Up, Up, and Away? Quantifying ISM Fallback using Ram Pressure Stripping Simulations
Up, Up, and Away? Quantifying ISM Fallback using Ram Pressure Stripping Simulations
Harrison J. Souchereau, Stephanie Tonnesen, Jingyao Zhu, Jeffrey D. P. Kenney
AbstractThe evolution of the cold interstellar medium (ISM) in satellite galaxies orbiting through mass hosts is an important factor in how they evolve while experiencing ram pressure stripping (RPS), as cold molecular gas clouds are the most difficult ISM component to fully strip and serve as the sites of star formation. We investigate ISM evolution using a suite of hydrodynamical wind tunnel simulations with an intermediate mass ($M_* = 10^{9.7}$ M$_\odot$) galaxy orbiting in a Coma cluster-like environment, varying the disk-wind angle. Even if the ultimate fate of a ram pressure stripped galaxy is complete gas removal, we find that cold gas evolves through cycles of outflow and inflow (fallback). We show that fallback can be identified at a wide range of wind angles, but is elevated for angles closer to edge-on and occurs predominantly in a specific quadrant (trailing side, rotating into the wind). Most inflow occurs in gas that never leaves an ``inner tail" region that extends to $\sim20$ kpc.

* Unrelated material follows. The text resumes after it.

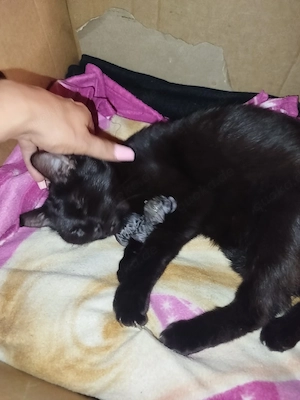 brittisch Kurzhaar kitten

We discuss possible reasons for when and why fallback occurs using simple idealized simulations. For a highly inclined disk, offset rotational motion is a major driver of fallback, while disk shadowing and cloud growth can act at all wind angles. Lastly, we discuss the relative importance of each mechanism at different stages of a galaxy's evolution under ram pressure, and compare our findings with instances of ISM fallback detected in observed RPS galaxies.